Em seus olhos, a noite é imensa, e triste, e fria. E perigosa. Não dá para dormir direito, é preciso vigiar. O sem-teto em que habita guarda a história paulistana. Uma hora é o Pátio do Colégio, noutra os arredores da Estação da Luz, às vezes está em frente ao Teatro Municipal... Nelson conhece São Paulo, São Paulo é sua casa. Eis o verdadeiro cidadão, aquele que dorme com a cidade, come-a.

Quando Marinês chega ali e vai procurar se esquentar sob o mesmo cobertor surrado de Nelson, ela já trabalhou um bocado. Foram seis clientes das sete da noite àquela hora. Um pagou o dobro, para ter também o cuzinho. Os outros quiseram só o arroz-feijão. Marinês, trinta e quatro anos, aparenta quarenta e cinco. A pele está cansada, o corpo está cansado, e nem a buceta é mais a mesma. Todos os dias é o mesmo ritual. Pagamento adiantado, vinte reais a fodinha básica, meia-hora ou até o cliente gozar, o que acontecer primeiro prevalece. Então leva o sujeito ao quarto muquifo. Uma cama baixa, colchão mole. Fecha a janela que ficara aberta para arejar um pouco o fedor de porra ressequida, e tira a roupa, mecânica. Rebola se esfregando no pau do cara, veste a camisinha rapidamente e se senta. Diz que não sente nada mais. E já perdeu a conta de quantos foram em sua vida, pudera.

Marinês nunca trepou com Nelson. A relação deles é muito carinho para caber sexo. E Marinês não gosta de levar trabalho para casa.

Ela se acha uma mulher de sorte, pois é das poucas que toma banho, mais de uma vez por dia inclusive, das pessoas que moram nas ruas. É a vantagem embutida em seu serviço. Banho por conta da casa.

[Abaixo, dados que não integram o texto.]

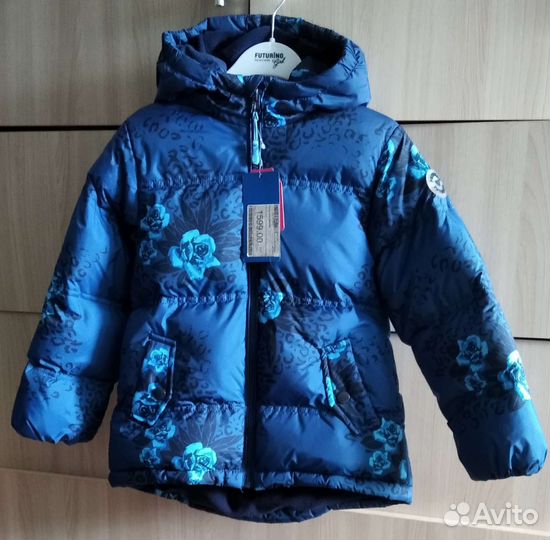 Куртка для девочки новая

Nelson ultimamente tem passado o dia na linha B da CPTM. Ele e mais cinco ambulantes. Organizados, respeitam um rodízio em cada vagão. Para apregoarem seus produtos, um aguarda o outro. Sempre quem começa leva vantagem. Nelson vende amendoinzinhos, cinqüenta centavos. E é com Mozart ou Beethoven ao fundo – agora o trem toca música clássica, som ambiente, bem baixinho para ninguém reparar – que ele grita:

- Cinqüenta centavos o amendoim crocante, só cinqüenta centavos.

Lizete vende guardanapos bordados a dois reais, Ademir vende livrinhos de colorir para que pais com consciência pesada por deixarem os filhos sós o dia todo se redimam (um e noventa e nove), Gorete vende chips (um real), Odair vende canetas (três por um real) e Josias vende chocolates (um e cinqüenta cada barra).

Tem dia que Nelson não resiste e come um pacote de amendoinzinhos. Mas só de vez em quando. É preciso vender dez para pagar um.

Hoje, ao chegar em casa, após comprar um amendoinzinho de Nelson e foder com Marinês, desesperei-me ao não encontrar a chave. Ela não está comigo – será que um dia esteve? E assim, preso do lado de fora, voltei a me deparar com eles pelo mundo. Preso do lado de fora.